Max Verstappen, Red Bull Racing

Max Verstappen, Red Bull Racing

Photo de: Joe Portlock / LAT Images via Getty Images

"On va affronter le défi de Singapour, c'est une piste qui a été difficile pour l'équipe depuis de nombreuses, nombreuses années. Dans le contexte de ce que nous essayons de voir, il sera très, très important de voir si ça ne fonctionne pas là-bas."

Pour le moment, Mekies est incapable de savoir si Red Bull pourra garder cette forme sur des circuits en théorie favorables à McLaren. "Honnêtement, on n'a pas cette réponse aujourd'hui", a assuré le Français. "On va se retrouver, toute la fin de saison, avec un enchaînement de circuits où on aura ces virages, à moyenne vitesse, à haute vitesse, sur lesquels McLaren a excellé depuis le début de la saison, et encore à Zandvoort. Ils avaient un gros avantage sur nous à Zandvoort dans ce type de virage."

"On a été tués par McLaren il y a deux courses à Zandvoort", a rappelé Mekies. "L'écart était très significatif. à Spa aussi, on a quitté Spa en se disant qu'ils étaient une demi-seconde [au tour] plus rapides que nous, même si Max avait gagné le sprint."

Mekies préfère ainsi avancer sans objectifs précis, si ce n'est mieux comprendre la monoplace : "On prend les courses les unes après les autres, ce qui est encore plus important que les considérations pour le championnat constructeurs. On essaie vraiment de continuer à apprendre quelles ont été nos limitations, comment on arrive à débloquer certaines d'entre elles et comment on arrive à se projeter par rapport à ça."

Laurent Mekies, Red Bull Racing

Laurent Mekies, Red Bull Racing

Photo de: Kym Illman / Getty Images

Red Bull est en tout cas dans une dynamique positive, contrairement à McLaren, qui a payé plusieurs erreurs récemment, dans les arrêts concernant Lando Norris ou en piste concernant Oscar Piastri. En louant une "approche très risquée", Mekies se réjouit de voir ses troupes sur la bonne voie mais ignore si la forme récente de Red Bull est susceptible de mettre la pression sur la concurrence.

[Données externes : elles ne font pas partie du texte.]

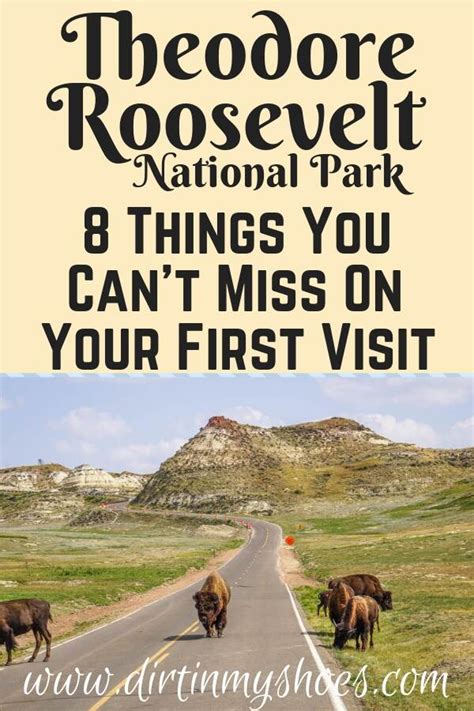 Bison Crossing The Road In Theodore Roosevelt National Park And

"La confiance est en hausse, donc on peut prendre un peu plus de risques à chaque course, expérimenter un peu plus et débloquer plus de chrono. Et si cela a un effet sur ce que fait McLaren, je ne le sais sincèrement pas, ce n'est probablement pas nos affaires. On se concentre sur nous, c'est ce qu'on veut voir. On veut voir la voiture progresser dans certains domaines et si ça marche, ce sera bien, contre McLaren, ce sera bien contre Mercedes et Ferrari."